What Sue Adams said, and then some. It's a pretty strong statement, I know, but hear me out.

I think the most common scenario for user trees on Ancestry.com is this: someone takes their family Bible or their great-aunt Ida's handwritten list of birthdates and marriages, and enters it into an Ancestry tree. Then, they accept any (and sometimes every) hint Ancestry offers as to possible record matches, even if it means listing someone in the same census in three different geographical locations. Once the tree is "done", they either forget about it for years, or possibly die, leaving the tree to contaminate others in perpetuity.

I can enumerate cases where many, many Ancestry user trees showed the same information, and a very small amount of actual research (one document) proved it wrong. I've had a great deal of interaction with Ancestry project owners, and I've found that many of them can't or won't accept a brick wall, and would rather have bad data that's contradicted by evidence than no data at all.
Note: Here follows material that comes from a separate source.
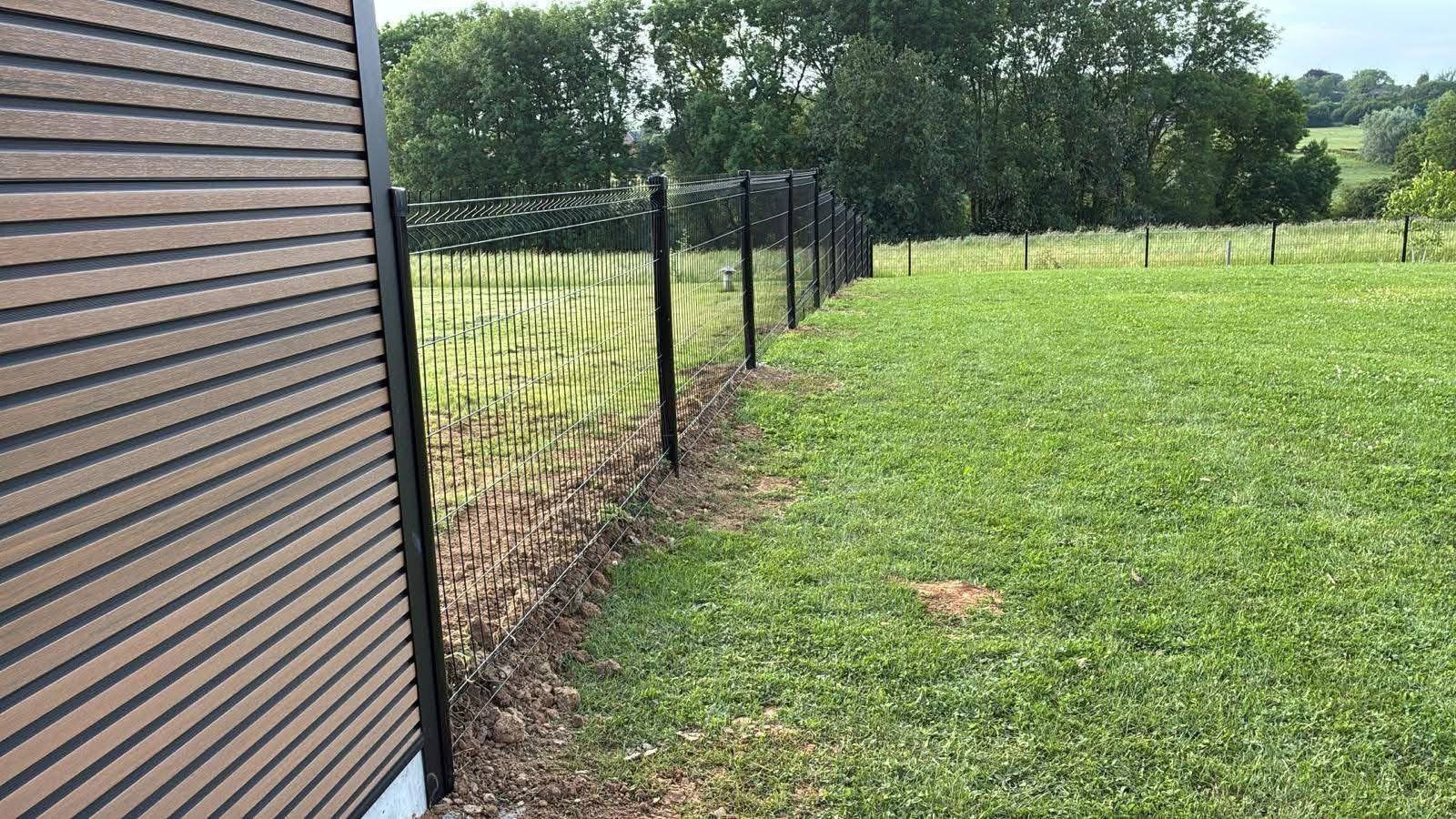 Pose de clôtures de jardin – Travail professionnel, Jardin & Terrasse, Enlèvement ou Envoi, Comme neuf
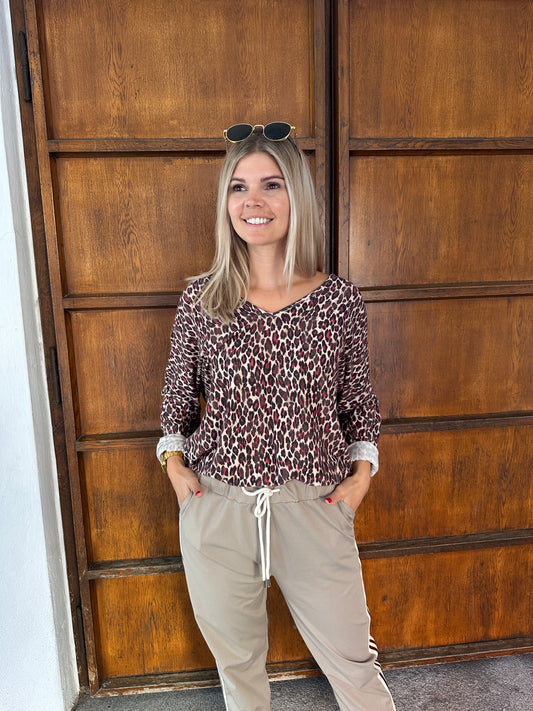 Shirt mit Leo-Muster in Beige/Weinrot/Schwarz  und V-Ausschnitt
I've given out information by e-mail (including source citations, with the offer to provide copies of the source material itself), only to see that information show up later on Ancestry (or Geni, which is possibly worse), without citations, but with errors, through misunderstanding &/or mis-transcription. Over time, other Ancestry owners have copied the bad data and it just propagates (the phenomenon isn't limited to Ancestry - I've seen obviously wrong data in the IGI that was eventually removed, but not before it found its way onto many websites, where it lives on).

The only thing you can use Ancestry tree "hints" for is exactly that - hints, to help you figure out where to find actual documentation. I've used them in that way many times, and tracked down extremely useful documentation as a result. But I've also hit dead ends when the on-line data turned out to be completely bogus.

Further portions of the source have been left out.